- **Directions**: Take the line with "Casa de diseño con piscina en Girona." as the first and the last line of the data as the end. Write out both and every line between exactly, except pictures.

- **Data section**:
-- Opening Marker --
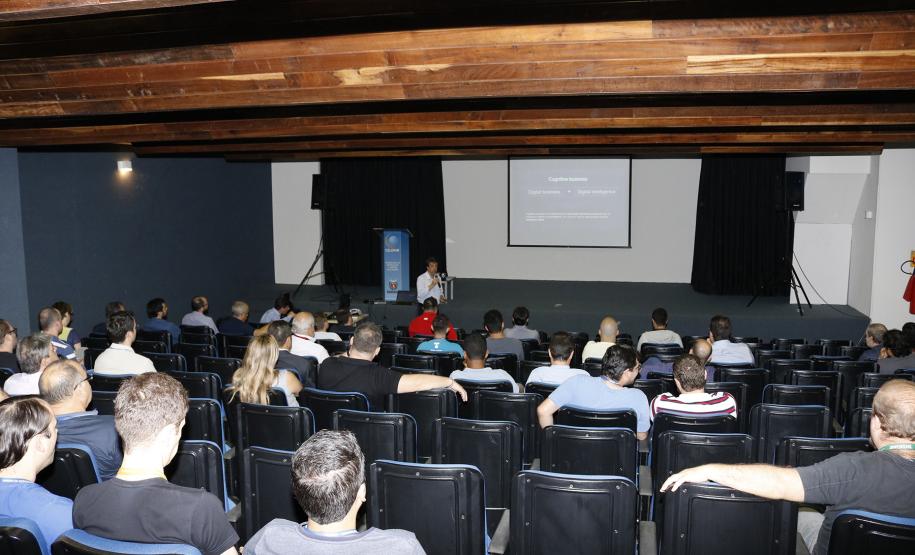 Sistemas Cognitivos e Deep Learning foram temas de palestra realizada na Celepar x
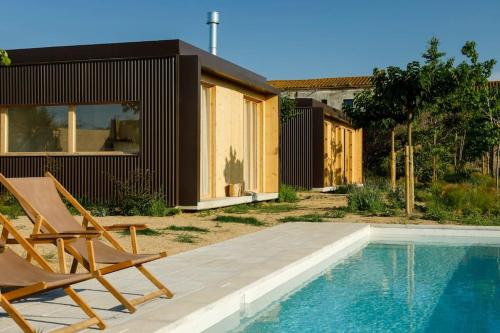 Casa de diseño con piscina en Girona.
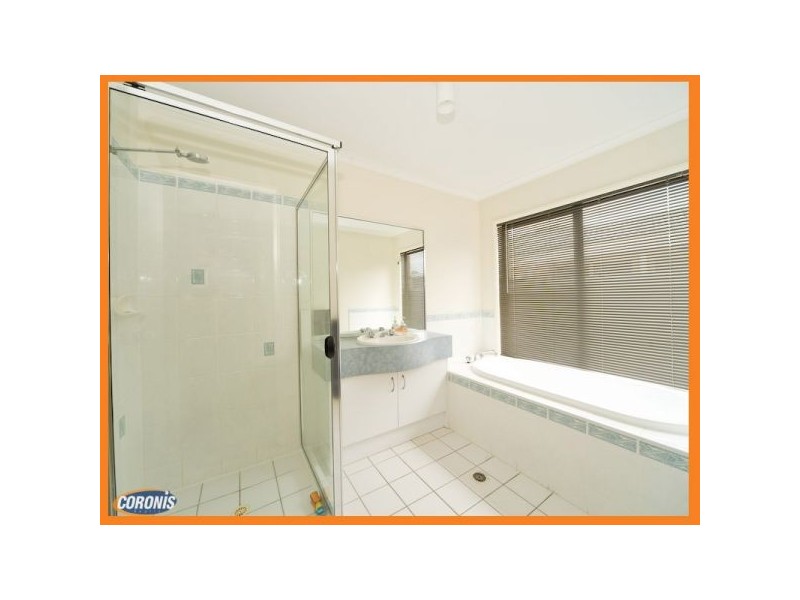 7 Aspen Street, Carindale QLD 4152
-- Closing Marker --
- **Result of the task**:
 Casa de diseño con piscina en Girona.
 7 Aspen Street, Carindale QLD 4152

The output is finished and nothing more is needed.